En estos momentos alguien está pronunciando tu nombre en cualquier lugar del mundo: lo susurra una muchacha al oído de su amado, lo grita una madre que llama a su hijo pequeño desde la ventana de su casa, lo solloza alguien inclinado sobre el cuerpo yerto de un ser querido. El nombre os vincula a todos: a ti, al amante, al niño, al muerto y a quienes los están nombrando. Incluso a quien lea lo que ahora escribes.

No tenemos opción a escoger lo más importante: la propia vida, que es la fuente de todo nuestro acontecer, y el nombre, que es la forma de distinguir nuestra vida de las otras y vincularla con ellas. Ambas cosas se las debemos a la suerte. De los millones y millones de combinaciones genéticas posibles el azar decidió la que dio vida a tu vida. De las infinitas combinaciones verbales alguien, movido quién sabe por qué caprichosa circunstancia, escogió la que habría de distinguirte entre todos los de tu especie. El milagro es un fenómeno más cotidiano de lo que solemos creer.

En un intento de poner orden en este universo donde impera la casualidad, los antiguos, creyendo que el alma de las cosas residía en la palabra que las nombraba, ponían a sus hijos el nombre de algún antepasado ilustre, para que a través de él se transmitiera al recién nacido el valor, la sabiduría o la santidad del héroe. Así mismo, en arcaicas tablillas de barro cocido se ha descifrado la creencia sumeria, llegada hasta nuestros días por caminos diversos, de que la capacidad creadora de Dios reside en su palabra. Nombrar es crear. En el principio –ya se sabe– era el Verbo.

Al margen de mitos y ritos, desde que el primer mono, modulando sus gruñidos logró hacerse entender por sus semejantes, la energía de las palabras llena el mundo, el sueño de las palabras puebla los sueños de los hombres, el perfume de las palabras integra en sí todos los aromas del pensamiento. Por eso, mientras piensas y escribes que alguien en algún lugar de la Tierra en este instante te nombra, nombrando a otro, sin saberlo, te vinculas a ellos, aunque no los conozcas, aunque no te conozcan, aunque carezcan incluso de rostro y de sonrisa. Tú mismo estás creando en estos momentos a los amantes felices, al niño travieso y a su madre que lo llama, al muerto y a quien sin consuelo llora por él. Tú eres todos ellos y todos ellos son tú: niño, amante y muerto.
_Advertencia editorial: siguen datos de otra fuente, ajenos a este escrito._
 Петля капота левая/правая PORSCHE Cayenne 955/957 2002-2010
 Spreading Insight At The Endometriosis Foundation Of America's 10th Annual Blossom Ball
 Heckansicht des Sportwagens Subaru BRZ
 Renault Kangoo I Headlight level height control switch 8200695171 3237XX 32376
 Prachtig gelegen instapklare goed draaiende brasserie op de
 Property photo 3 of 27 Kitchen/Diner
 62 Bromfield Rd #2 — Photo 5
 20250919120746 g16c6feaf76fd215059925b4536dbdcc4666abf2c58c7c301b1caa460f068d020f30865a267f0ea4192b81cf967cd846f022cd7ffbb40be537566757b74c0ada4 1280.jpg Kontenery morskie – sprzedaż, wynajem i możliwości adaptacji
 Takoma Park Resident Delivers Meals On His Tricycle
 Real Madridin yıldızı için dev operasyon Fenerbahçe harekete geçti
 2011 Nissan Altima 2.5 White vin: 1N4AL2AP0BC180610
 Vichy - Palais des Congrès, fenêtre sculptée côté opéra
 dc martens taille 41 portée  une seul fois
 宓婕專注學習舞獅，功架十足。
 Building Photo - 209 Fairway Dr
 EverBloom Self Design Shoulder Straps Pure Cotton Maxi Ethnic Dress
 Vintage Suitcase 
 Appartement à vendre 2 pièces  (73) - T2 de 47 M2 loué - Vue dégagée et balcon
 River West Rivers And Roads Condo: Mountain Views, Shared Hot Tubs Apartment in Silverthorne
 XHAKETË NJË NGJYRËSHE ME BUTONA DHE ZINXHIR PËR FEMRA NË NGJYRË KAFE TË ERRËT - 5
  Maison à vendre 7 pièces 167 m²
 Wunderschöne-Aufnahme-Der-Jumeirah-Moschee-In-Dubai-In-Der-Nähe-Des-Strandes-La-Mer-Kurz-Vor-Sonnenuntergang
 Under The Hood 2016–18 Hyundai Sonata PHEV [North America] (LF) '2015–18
Así, azarosamente, casi sin darnos cuenta y algunos siquiera sin saberlo resulta que, por la magia de una sola palabra, un sencillo nombre común a millones de personas, estamos creando un mundo.


(*) Naturalmente, aunque lo dijera Platón y lo repitiera Borges, esto no es así; pero suena bonito. Platón identificaba en la ‘Idea’ lo bueno, lo verdadero y lo bello. La Modernidad echa abajo esta fusión insostenible, pero al mismo tiempo cae en el exceso de romper los tensos vínculos que deben establecerse entre bondad, verdad y belleza. Y añadiendo utilidad y justicia, para incorporar los ámbitos de la economía y la política a los de la epistemología, la ética y la estética… Pero este es un tema abierto e inconcluso, sometido a múltiples y muchas veces interesadas interpretaciones.